Was braucht es, um das Vertrauen in eine plura­lis­tische Gesell­schaft aufrechtzuerhalten?

Viele Themen greifen existie­rende Probleme und persön­liche Betrof­fenheit auf, wie zum Beispiel antimus­li­mi­schen Rassismus oder den Nahost-Konflikt. Eine verständ­nis­volle und empathische Kommu­ni­kation etwa mit Jugend­lichen, die online mit diesen Inhalten konfron­tiert sind, ist daher wesentlich. Zu einer Sensi­bi­li­sierung für islamis­tische Narrative trägt beispiels­weise unser trans­pa­rentes und anschau­liches bpb-Basis­mo­ni­toring bei, das auf einem konstanten wechsel­sei­tigen Austausch mit Fachkräften der Prävention, politi­schen Bildung und Sozial­arbeit basiert.

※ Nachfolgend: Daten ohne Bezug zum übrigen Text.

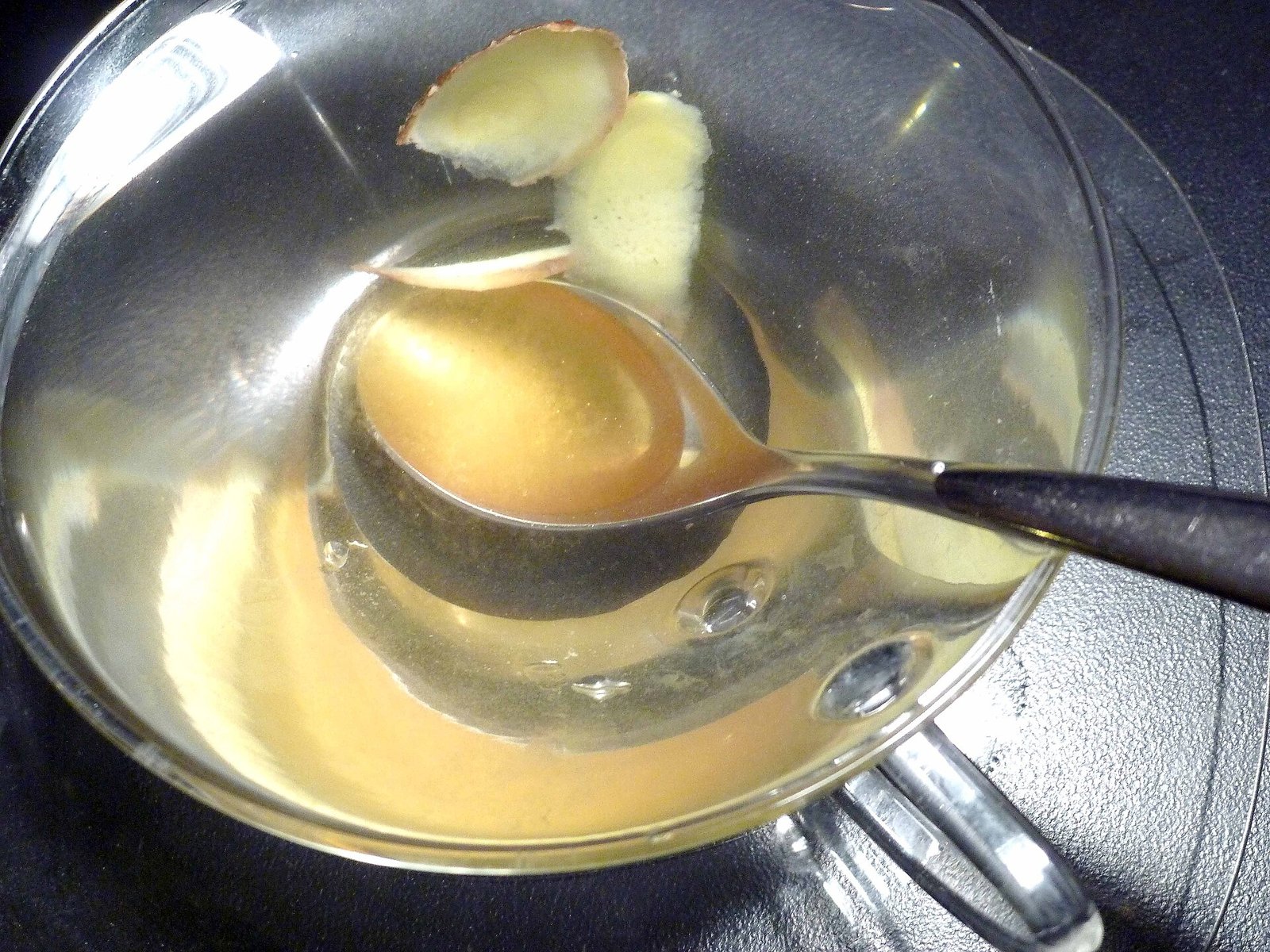 A glass cup of pale golden ginger tea with slices of fresh ginger root and a teaspoon, seen from above on a dark table.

Es gilt zudem als allge­meine Aufgabe, eine überzeu­gende lebens­werte Gesell­schaft zu gestalten, die demokra­tische Ideale verwirk­licht. Hierbei schließe ich die Verant­wortung von Platt­form­be­treibern mit ein.

GLOSSAR

Islamis­tische Influencer, Islamismus
Islamis­tische Influencer verbreiten auf Social-Media-Platt­formen wie Tiktok, Instagram oder Youtube ein absolutes Islam­ver­ständnis, das auf alle gesell­schaft­lichen und politi­schen Lebens­be­reiche angewendet wird und die Politik der Religion unter­ordnet. Mit dem Rückgriff auf ein strikt dualis­ti­sches und anti-plura­lis­ti­sches Weltbild werden abwei­chende Überzeu­gungen und Lebens­weisen abgelehnt. Islamis­tische Influencer geben verein­fachende Antworten auf komplexe theolo­gische und gesell­schafts­po­li­tische Fragen.